Dylan Malik Orchard's Blog, page 26
December 13, 2014
Space FM : T-Minus 3
As the obligatory madness of promotion starts to consume my very soul here’s a jaunty tune to see us all through… That which is dead may never die but with strange aeons even death may die. Although how that relates to a short ebook release I’m not entirely sure.
December 12, 2014
Space FM landing soon
Please fasten your seatbelts and put your tables in the upright position. Crew members with tasers and unhappy memories of a life lived poorly will be stopping by to confirm your compliance and collect any unwanted headphones. We’ll be touching down on planet earth on the 16th of December. Weather conditions are poor, with grey skies and relentless rain expected for the next four months. Please enjoy your stay on earth and be sure to recommend Space FM to all your friends or next time that ‘turbulence’ won’t just be a passing thing.
And to go along with that joyous news something slightly less cheerful, depending on your point of view. Laikanist Times, my first foray into the Indie publishing world which, until now, has been available for free will soon be, well, not free. Why? Because I’m moving it exclusively to Amazon, along with everything else and Amazon don’t want you to have nice things because Amazon doesn’t love you. Plus as this site has started to become more and more of a repository for my work there’s a hefty amount of stuff that’s already available gratis. Which I’m happy with and the plan is to keep this place as a kind of notebook for rough drafts, snippets, side notes and samples from upcoming projects. But the flip side of that is that I’m not sure I need to offer L.T. as a free taster any more.
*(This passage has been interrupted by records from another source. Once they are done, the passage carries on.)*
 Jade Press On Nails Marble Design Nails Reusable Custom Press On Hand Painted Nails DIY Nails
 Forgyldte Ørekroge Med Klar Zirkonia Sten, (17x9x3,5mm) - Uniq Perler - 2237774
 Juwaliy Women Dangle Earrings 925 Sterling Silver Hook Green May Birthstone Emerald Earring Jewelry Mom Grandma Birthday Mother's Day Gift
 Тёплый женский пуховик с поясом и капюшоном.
Disagree? Feel free to let me know. Like Frasier Crain I’m listening. Also I’m drunk on fine wine and talking shite most of the time.
December 10, 2014
Ordered Life
The bodies were lined up in neat ranks. The idea was to stop you from noticing that they used to be human by piling them with all the efficiency of lumber in a yard. Someone, somewhere had taken the time to issue an order about it. Someone who’d never walked amongst the dead. A poultice for their own guilt probably, before they moved on to giving the orders that kept the corpses coming. Pointless, he thought, although he couldn’t blame them for trying.
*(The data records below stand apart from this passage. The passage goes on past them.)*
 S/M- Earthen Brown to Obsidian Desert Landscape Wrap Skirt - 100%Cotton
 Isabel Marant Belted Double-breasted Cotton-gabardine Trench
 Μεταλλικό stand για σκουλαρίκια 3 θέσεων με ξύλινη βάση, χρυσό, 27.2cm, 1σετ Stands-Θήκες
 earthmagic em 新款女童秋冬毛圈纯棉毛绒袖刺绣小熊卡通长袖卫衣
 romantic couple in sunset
Truth was though that he himself had long since stopped seeing them as anything to do with life. Even when they were walking and talking, before he and the others had played their brutal part. No, they were inert weight the second they stumbled into his world. Talking blocks of some vaguely human substance. Novel, almost, in their sorry impersonation of real people.
In a way that was a sad thought. Or had been, or should have been. Certainly once upon a time he’d felt something for them. Pity, or perhaps guilt. But those were just words, words which belonged to a different version of himself. Just as most of what he remembered of life did these days. The new him, the one who seemed to see things so much more clearly, had far fewer possessions to cling to. An arm of tired muscles, a blistered hand and a knife to grip. All united for the simple duty which he had made his own. Or which had made him it’s own, one of the two.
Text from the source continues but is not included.